According to research by F5 Labs, digital identities have become a cybersecurity battleground in 2024, with a large percentage of authentication requests coming from automated hostile systems.
The Unpatchables’ 2023 Identity Threat Report offers valuable insights into digital identity security by evaluating 320 billion data transactions that took place in 159 businesses’ systems between March 2022 and April 2023.
One of the study’s main conclusions is that, in the absence of mitigations, automated systems were responsible for 19.4% of authentication requests, which is a reliable sign of credential stuffing assaults. Using automated tools to enhance their attempts, bad actors utilise credential stuffing attacks to infiltrate other systems by using usernames and passwords that they have obtained from one.
This emphasises how crucial cybersecurity safeguards are for protecting digital identities. Effective mitigation techniques are essential as attackers focus more and more on digital identities.
When implemented proactively, mitigations significantly decreased the rate of malicious automation, bringing it down to 6%. This information demonstrates how successful security measures are at deterring attackers and directing them towards easier targets.

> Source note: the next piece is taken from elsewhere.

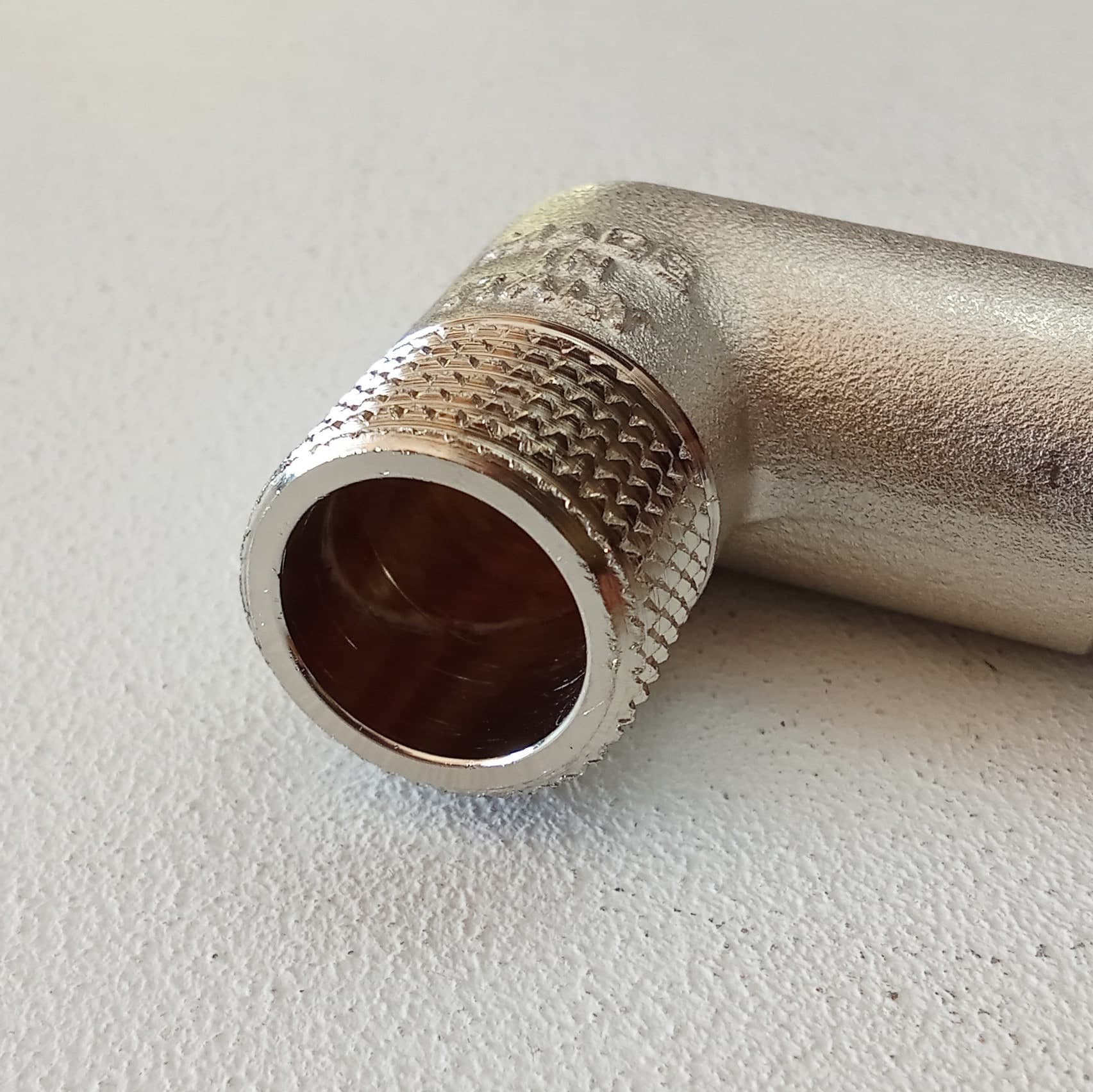 Raccordo a gomito maschio maschio 1/2" x 1/2" in ottone nichelato - 4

“Our research shows the extent to which digital identities are under attack, and the importance of effective mitigation,” stated Sander Vinberg, F5 Labs’ evangelist for threat research. Importantly, we discovered a regular pattern showing that when defences are put in place, the usage of malicious automation instantly drops to a lower level, with attackers typically giving up and moving on to easier targets.
Adapting strategies
The investigation also looked at how mitigations affected different facets of credential stuffing attacks, providing insight into the attackers’ shifting strategies:
- Attacks were more common on mobile endpoints than on web endpoints; nevertheless, the implementation of mitigations led to a greater decrease in mobile attacks, which in turn shifted attention to web endpoints.
- There were also notable changes in the sophistication of attacks. Basic attacks—which are defined as those that involve little more than emulating human activity or evading bot protection—went from 64.5% to 44% after mitigations were put in place. Conversely, after mitigation, the percentage of intermediate attacks—which attempted to influence anti-bot solutions—rose from 12% to 27%. Advanced attacks increased from 20% to 23% of all attacks. These attacks accurately mimic human browsing behaviour, including mouse movements and keystrokes.

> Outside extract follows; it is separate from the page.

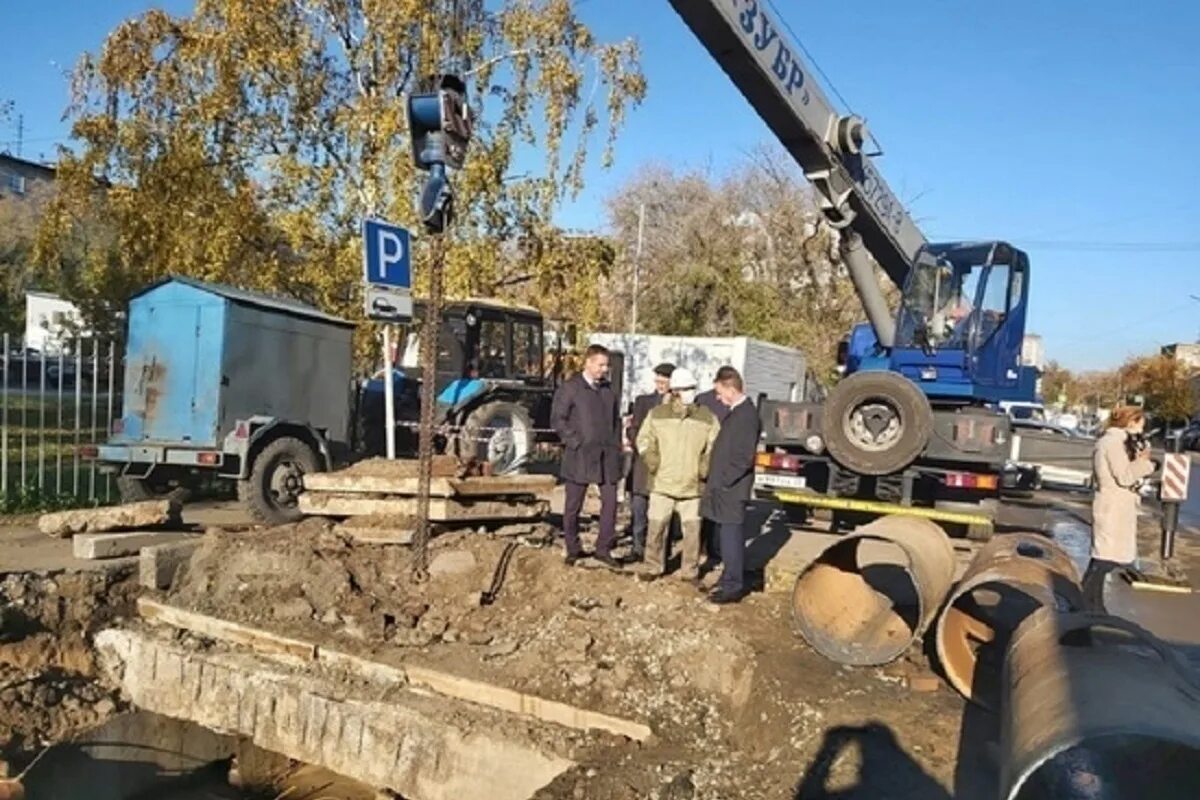 Барнаул ремонтная. Ремонт теплотрассы. Теплосети в городе. Авария на теплосетях в Барнауле вчера. Перекрыты дороги.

In addition, the study looked at the chain of compromised credentials and found that defenders were not as visible as they thought. Seventy-five percent of the credentials that were entered during assaults were not known to be compromised beforehand.

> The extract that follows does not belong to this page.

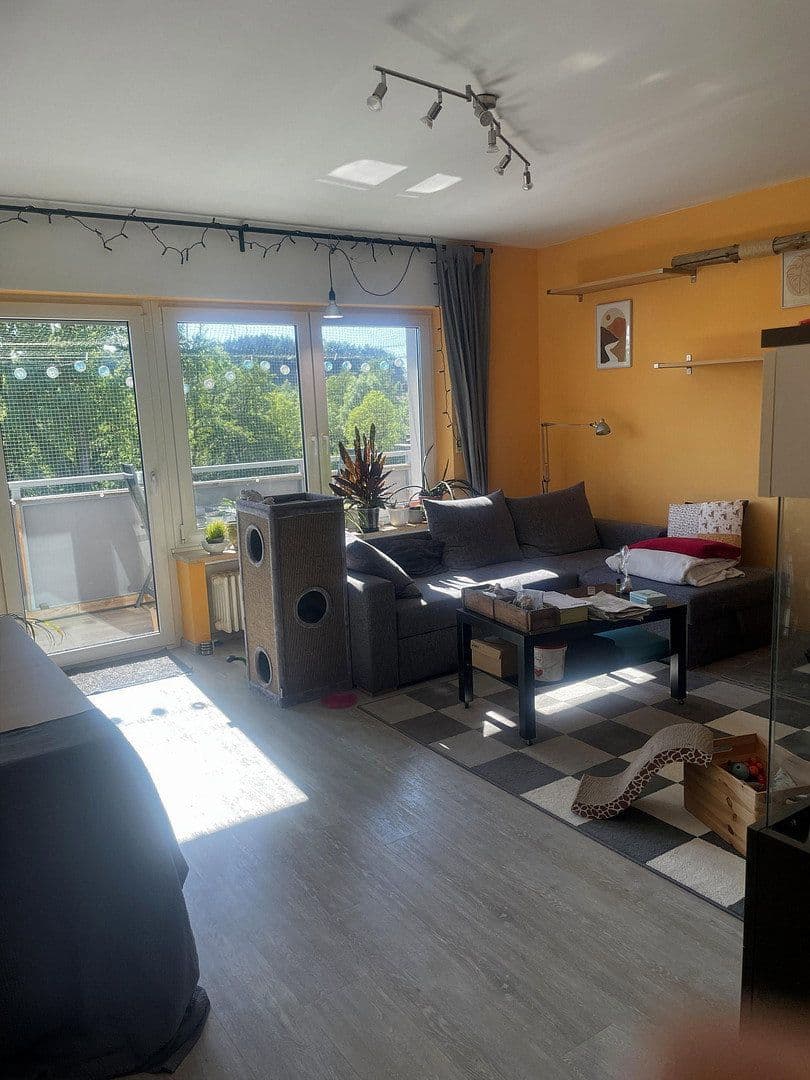Pronájem bytu 3+1 77 m², Bamberger Str. 35, Diespeck, Bavorsko Pronájem bytu 3+1 77 m², Bamberger Str. 35, Diespeck, Bavorsko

The study also demonstrated how adaptable attackers can be, as evidenced by the strategies they used to modify authentication success rates using “canary” accounts and avoid detection by employing tools like AntiRed, a Javascript programme made to get beyond browser-based phishing analysis.
According to Vinberg, “attackers who persist in targeting a system with mitigations in place are evidently more determined and skilled, utilising tools that enable them to closely mimic human behaviour or work harder to conceal their activities.”
Attackers are predicted to use automated AI-driven phishing calls more frequently as a result of AI’s growing sophistication and falling costs, posing new difficulties for defences.
Taking Charge
Organisations should proactively adopt anti-bot solutions to prevent harmful automation in order to counter identity-based attacks and protect digital identities, particularly when dealing with simple credential stuffing attacks. Furthermore, defensive measures can be strengthened by cryptography-based multi-factor authentication (MFA) systems, including those built on the WebAuthn or FIDO2 protocols.
In the end, the F5 Labs paper highlights how identity-based assaults are dynamic and constantly changing, highlighting the necessity of constant monitoring, detection, and adaptation to lessen the inherent vulnerabilities in systems where users must authenticate their identities.